I also felt I had to defend certain things - even if these things or people didn't directly impact me. Even if I wasn't remotely responsible for that person, place or institution. Defend that friendship, relationship, political system. Again - it was my responsibility.
Because it did have to be a battle - one person had to be right, the other person wrong. There was no "agreeing to disagree". There was no respect that each person has a basic right to their own perspective and opinion (and preference). And those perspectives may be different and that's okay.
People could not be equal. One person had to win.
I talked about little bit about standing behind your own opinion here.
So I agree that sometimes it makes sense to speak up - to defend one's "truth". And to stand behind what you say.
But I have just been thinking that some people may never understand or be convinced of some things.
So what is the point of engaging, if my opinion has not be directly asked?
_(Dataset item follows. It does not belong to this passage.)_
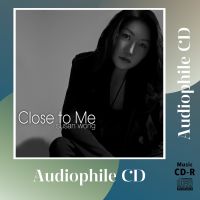 CD AUDIO เพลงสากล Jazz-Pop บันทึกเสียงดี Susan Wong อัลบั้ม Close to Me (CD-R Clone จากแผ่นต้นฉบับ) คุณภาพเสียงเยี่ยม !!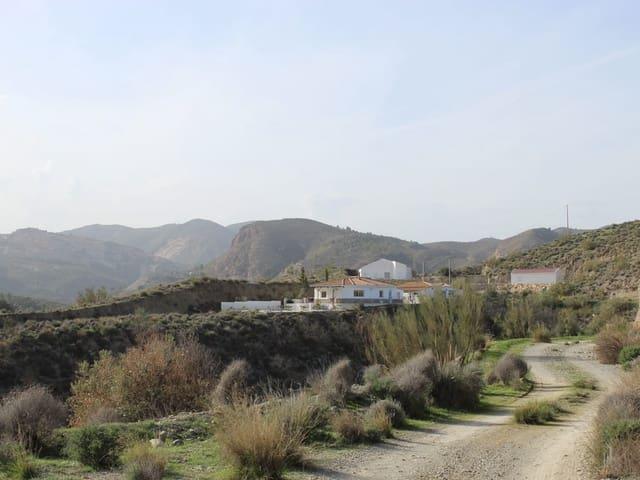 Chalet en alquiler en Líjar, Almería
What do *I* get out of expending the energy?
For me, personally, it goes back to minding my own business. Figuring out what *is* my business and what is not.
I don't have to sit back and allow wrong (hurtful) things to be said, to sit back and watch abuse happen.
BUT - on the flip side, I get to choose whether or not I want to be involved, and choose if I need to be directly involved.
It is a gift, in my opinion - to have this choice. That way I can spend my energy on things I *can* change, on having a reasonable discussion where everyone's right to their own opinion is respected.
And it's not a hard and fast rule. I simply no longer have to convince the world that my way - my personal perspective is "the right perspective".
1 comment:
The need to defend is certainly something I am familiar with. :) My boss used to tell me that I didn't need to be everyone's lawyer. I am also learning to take a step back.